■ Data for review:
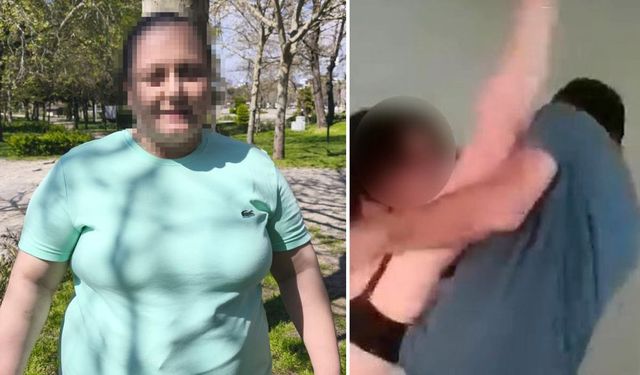 Aldatıldığını Anladı, Plan Yaptı! Eşini Başka Bir Kadınla Bastı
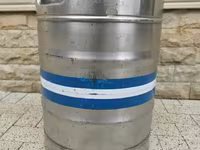 Pret ofertă de la 5 Butoaie!!! inox 20,25,30,50 litri . — foto 2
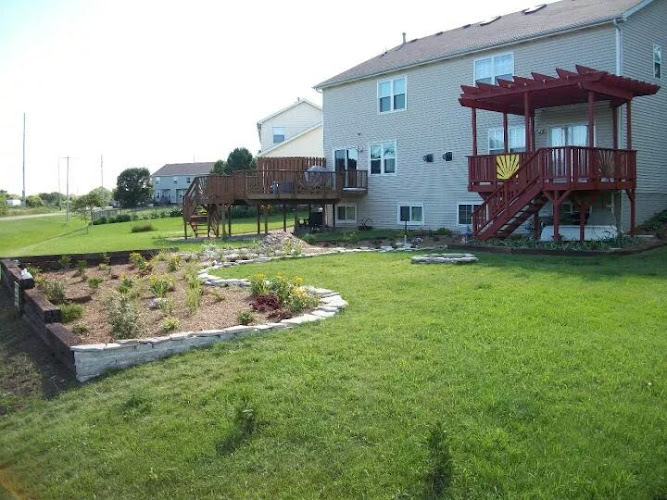 Stone Hill Landscaping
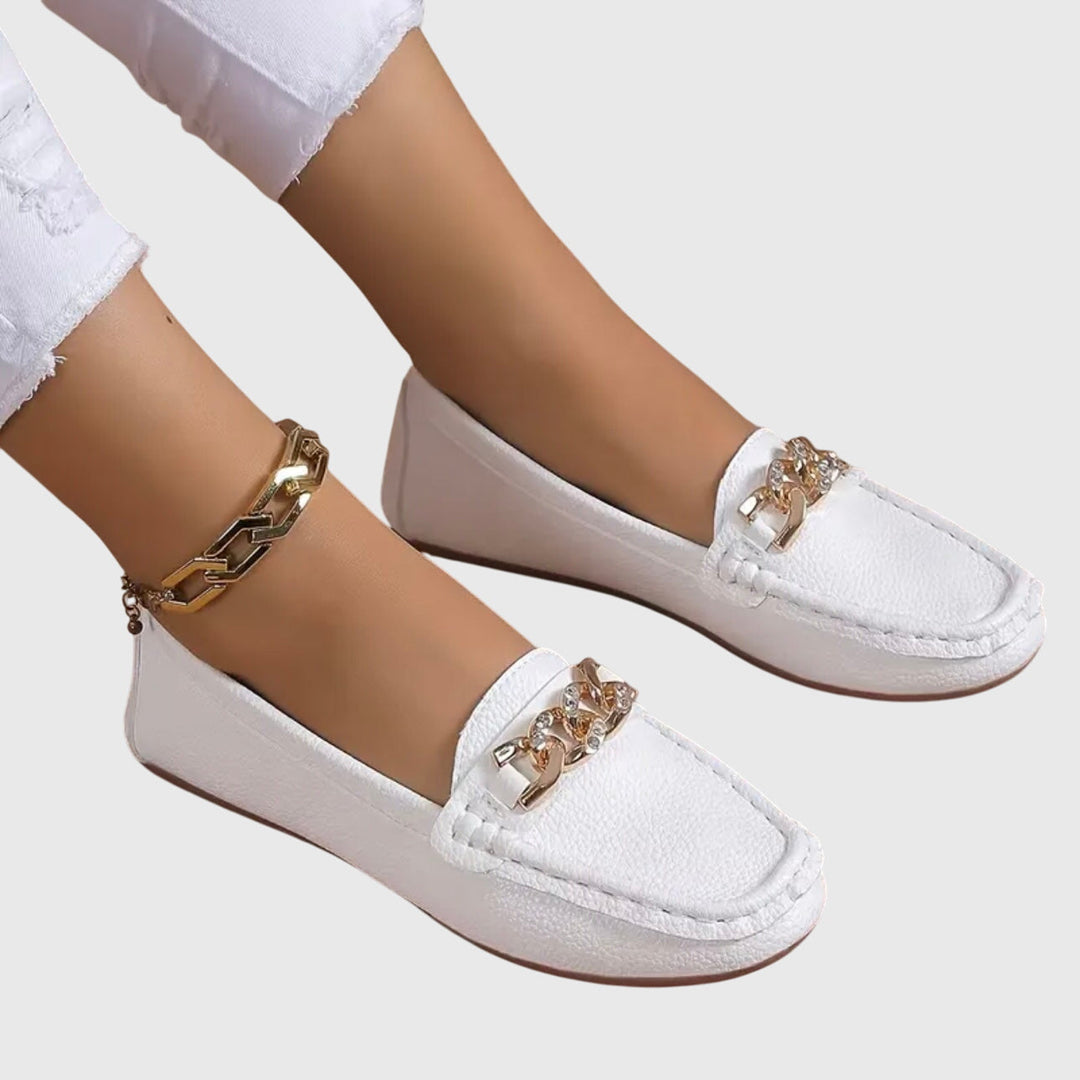 Melissa™ | Comfort Support Loafers
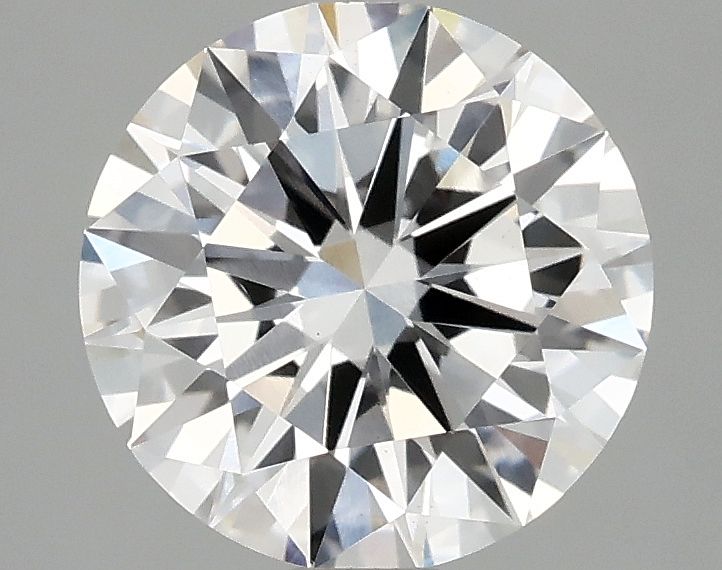 Lab Grown Diamond 2,04Ct F-VS1 Round - IGILG768610114 1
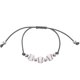 thumbnail image 1 of KAKOWELY Pulsera de béisbol Pulsera con temática deportiva Pulsera ajustable Pulsera con pelota deportiva, 1 of 5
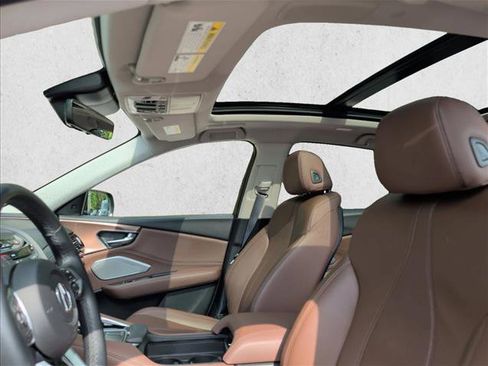 Used 2023 Acura RDX FWD w/ Technology Package image 12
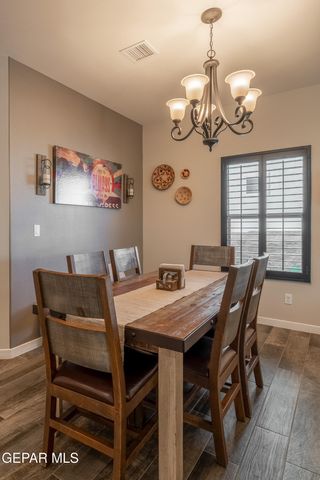 13495 Everingham Street, El Paso, TX 79928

■ Problem details:
The answer should consist only of the lines from the line with "Used 2023 Acura" through the last line of the data, repeated exactly; pictures stay out.

■ Worked solution:
 Used 2023 Acura RDX FWD w/ Technology Package image 12
 13495 Everingham Street, El Paso, TX 79928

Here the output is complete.